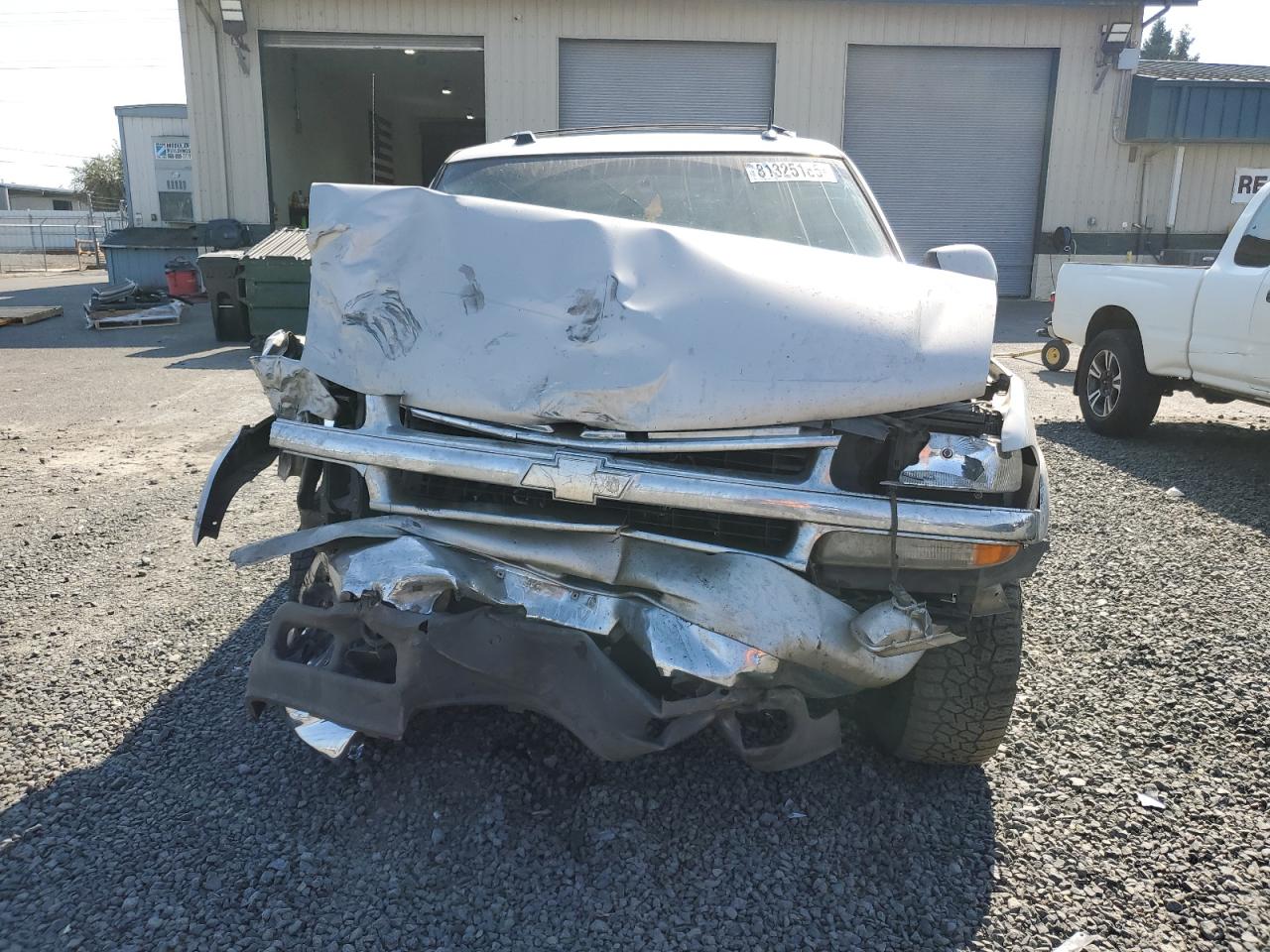 2005 Chevrolet Suburban K1500 Кремовый vin: 3GNFK16Z25G283303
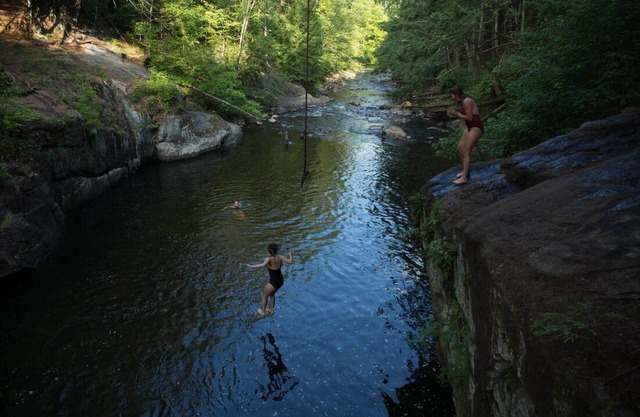Near The Black Hole, swim, SKI GORE nearby, Walking trail,Trout stream, Hiking,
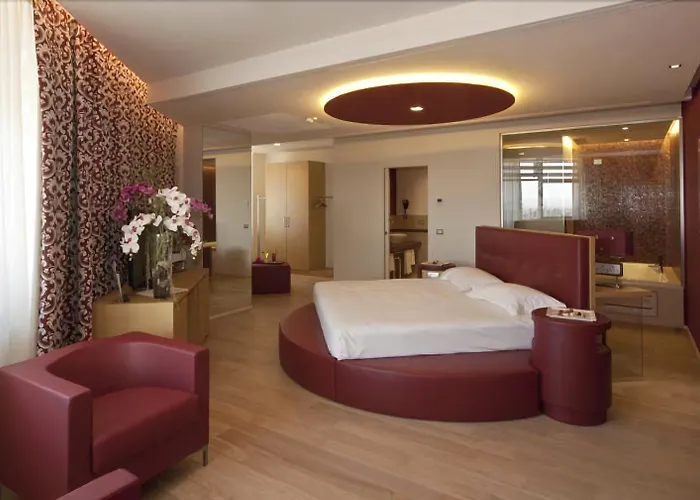Glamour Hotel 4*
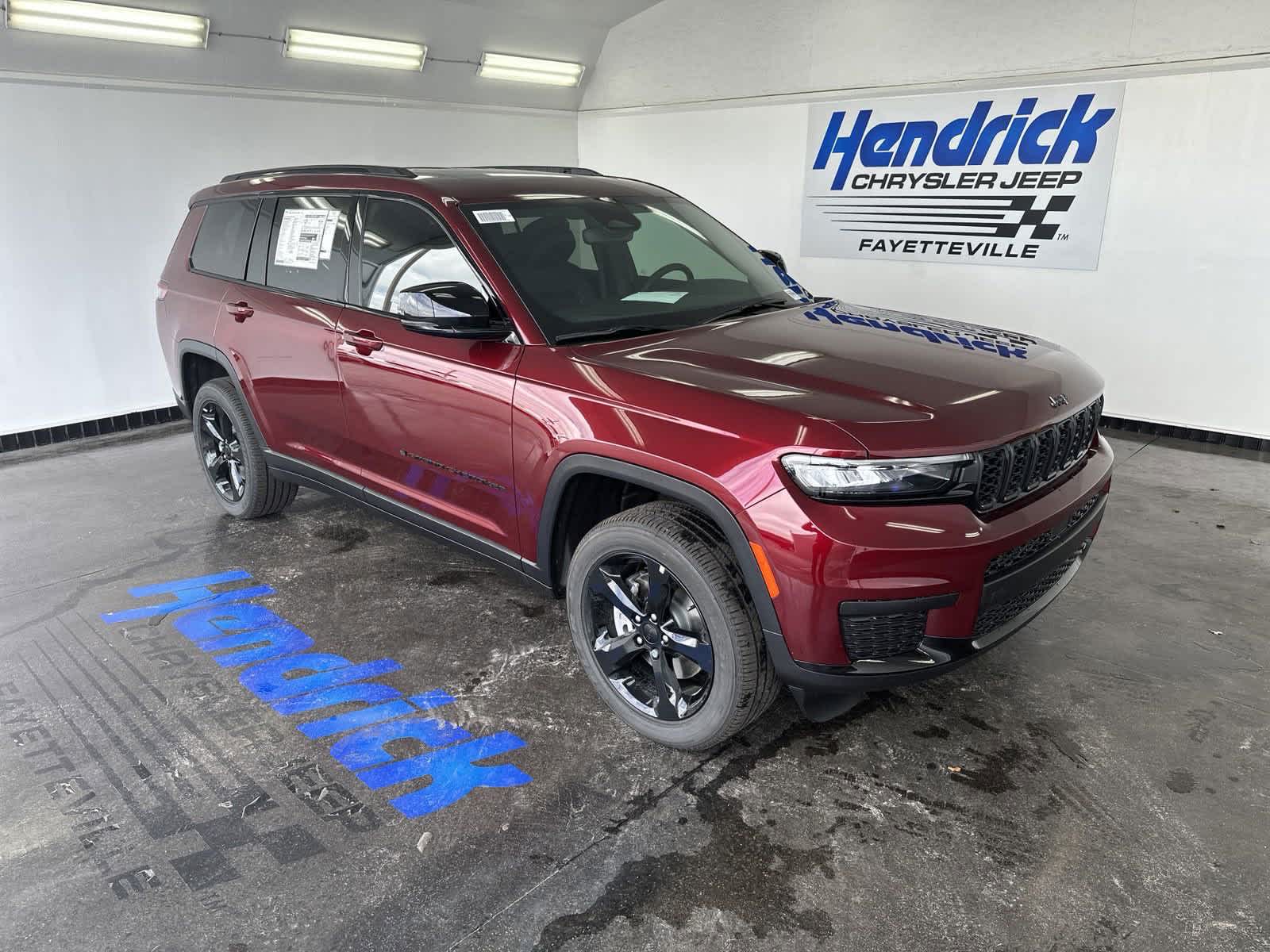 2024 Jeep Grand Cherokee L Laredo 2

━━━━━━━━━━

Without the pictures, copy the material exactly as given.

● **Response**
 2005 Chevrolet Suburban K1500 Кремовый vin: 3GNFK16Z25G283303
Near The Black Hole, swim, SKI GORE nearby, Walking trail,Trout stream, Hiking,
Glamour Hotel 4*
 2024 Jeep Grand Cherokee L Laredo 2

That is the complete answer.